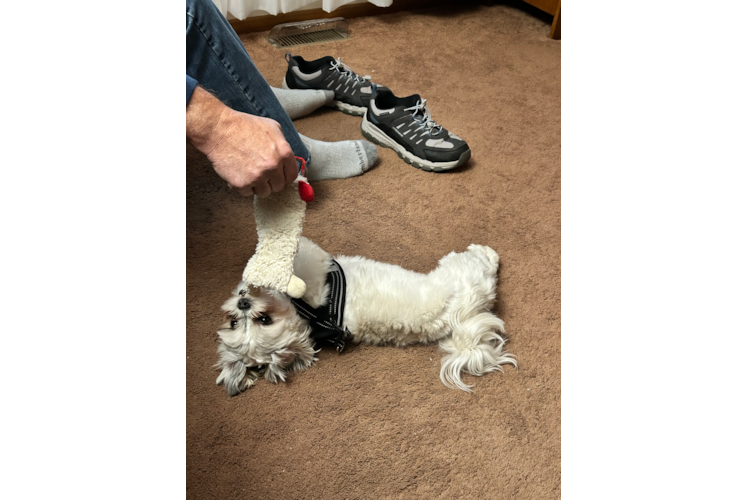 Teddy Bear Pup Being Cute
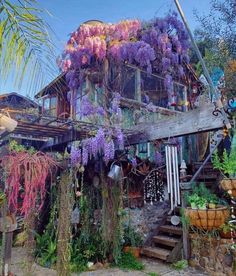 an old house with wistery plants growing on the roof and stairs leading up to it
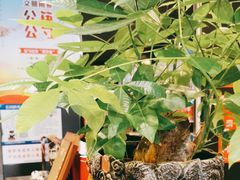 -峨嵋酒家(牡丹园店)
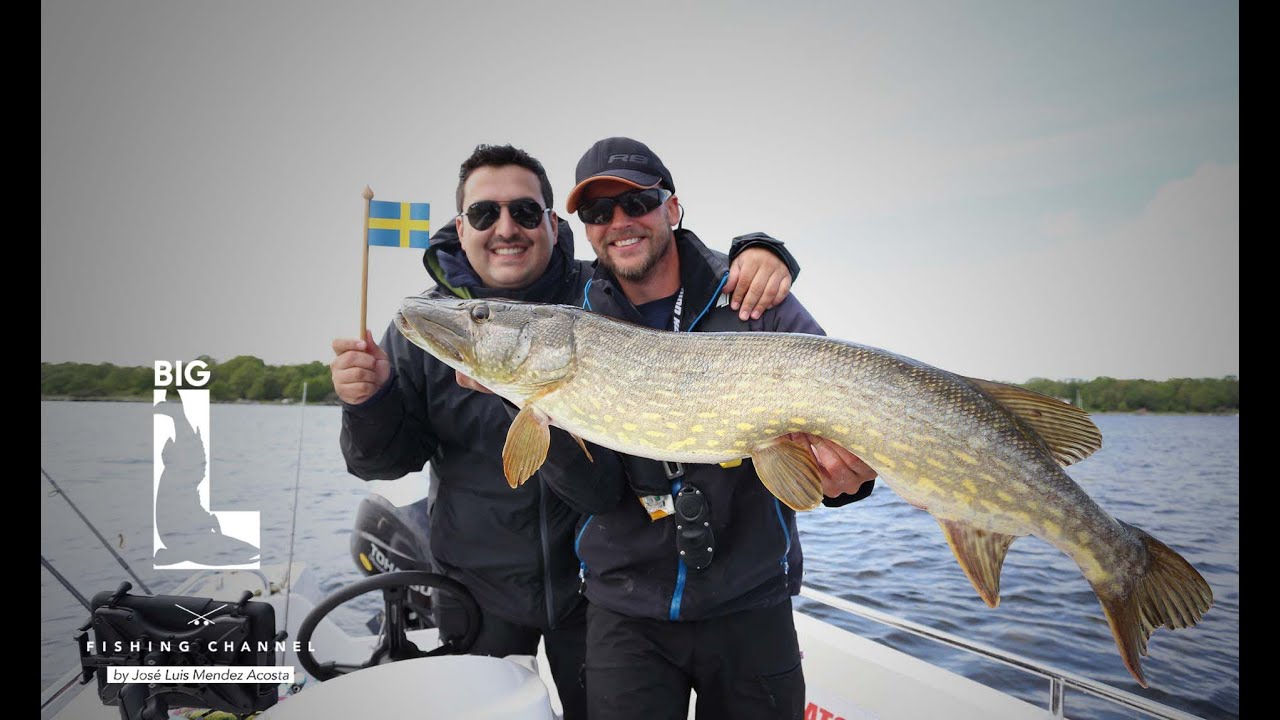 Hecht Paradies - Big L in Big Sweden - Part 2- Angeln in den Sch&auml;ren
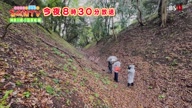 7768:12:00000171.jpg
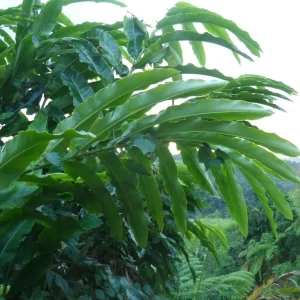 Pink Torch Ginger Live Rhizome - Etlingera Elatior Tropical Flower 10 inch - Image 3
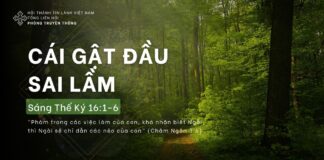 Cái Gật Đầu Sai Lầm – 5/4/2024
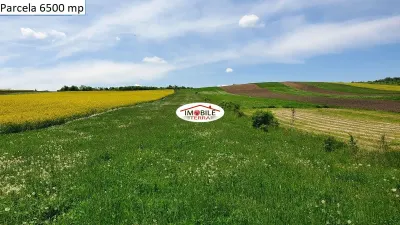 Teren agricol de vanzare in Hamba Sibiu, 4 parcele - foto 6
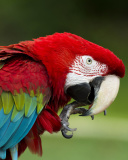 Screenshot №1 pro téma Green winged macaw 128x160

+===+

Your task is to restate every record word for word. Omit all pictures.

● Solution for this task:
 Teddy Bear Pup Being Cute
 an old house with wistery plants growing on the roof and stairs leading up to it
 -峨嵋酒家(牡丹园店)
 Hecht Paradies - Big L in Big Sweden - Part 2- Angeln in den Sch&auml;ren
 7768:12:00000171.jpg
 Pink Torch Ginger Live Rhizome - Etlingera Elatior Tropical Flower 10 inch - Image 3
 Cái Gật Đầu Sai Lầm – 5/4/2024
 Teren agricol de vanzare in Hamba Sibiu, 4 parcele - foto 6
 Screenshot №1 pro téma Green winged macaw 128x160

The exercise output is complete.